Anti-racism activist and author Tim Wise will tackle the rise of “Trumpism” and provide historical perspective on the current political climate during his talk “Great White Hoax: Racism, Divide-and-Conquer and Politics of Trumpism,” at 6 p.m., Thursday, Nov. 30 in the Lavin-Bernick Center's Kendall Cram Ballroom on Tulane’s uptown campus.
Wise’s lecture is sponsored by the Office of Multicultural Affairs, the Center for Public Service, the Phyllis M. Taylor Center for Social Innovation and Design Thinking, the Center for Academy Equity, Newcomb-Tulane College, and Newcomb College Institute.
A 1990 political science graduate of Tulane University, Wise began his career as an activist while a student, when he fought for economic sanctions against apartheid South Africa.
“I hope that students come to the event with open minds and consider how the current political climate is not only affecting our nation but how it’s affecting our campus.”
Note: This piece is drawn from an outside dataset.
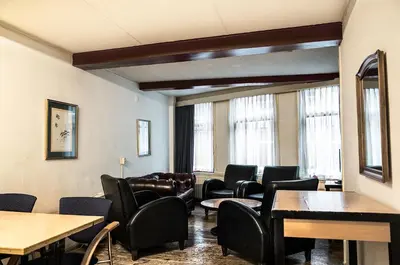 a waiting room with leather chairs and tables at Koopermoolen in Amsterdam
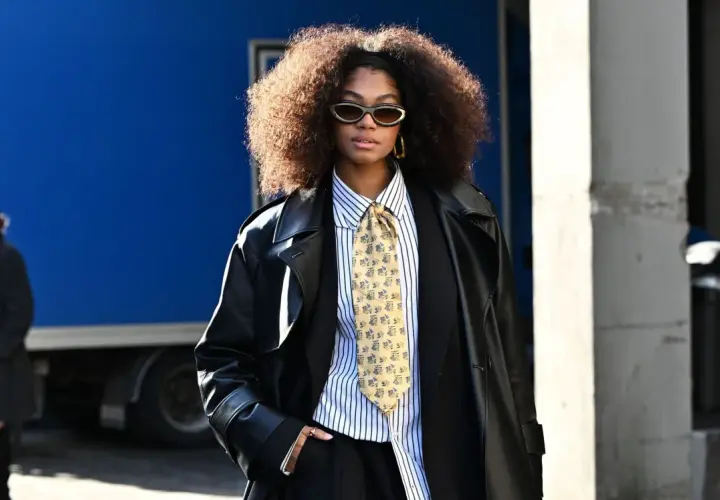 Une femme porte un pantalon noir, une chemise à rayures, une cravate fantaisie et un long manteau en cuir. Ses bottines sont cachées sous son pantalon.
— Carolyn Barber-Pierre, assistant vice president for student affairs in the Office of Multicultural Affairs
Carolyn Barber-Pierre, assistant vice president for student affairs in the Tulane Office of Multicultural Affairs, said that Wise was very involved as a student with her office.
“There’s such a divisive atmosphere in America right now around race relations, and he has a wealth of knowledge and insight to share on these issues,” she said.
Over the past 20 years, Wise has appeared on hundreds of radio and TV programs and has shared his experiences with audiences at more than a thousand college and high school campuses across the nation.
He is also the author of seven books, including his acclaimed memoir, White Like Me: Reflections on Race From a Privileged Son, and Under the Affluence: Shaming the Poor, Praising the Rich and Sacrificing the Future of America.
During his discussion, Wise will reflect on President Trump’s election within a historical context and explore ties between Trump’s rhetoric and race relations.
“I hope that students come to the event with open minds and consider how the current political climate is not only affecting our nation but how it’s affecting our campus,” Barber-Pierre said.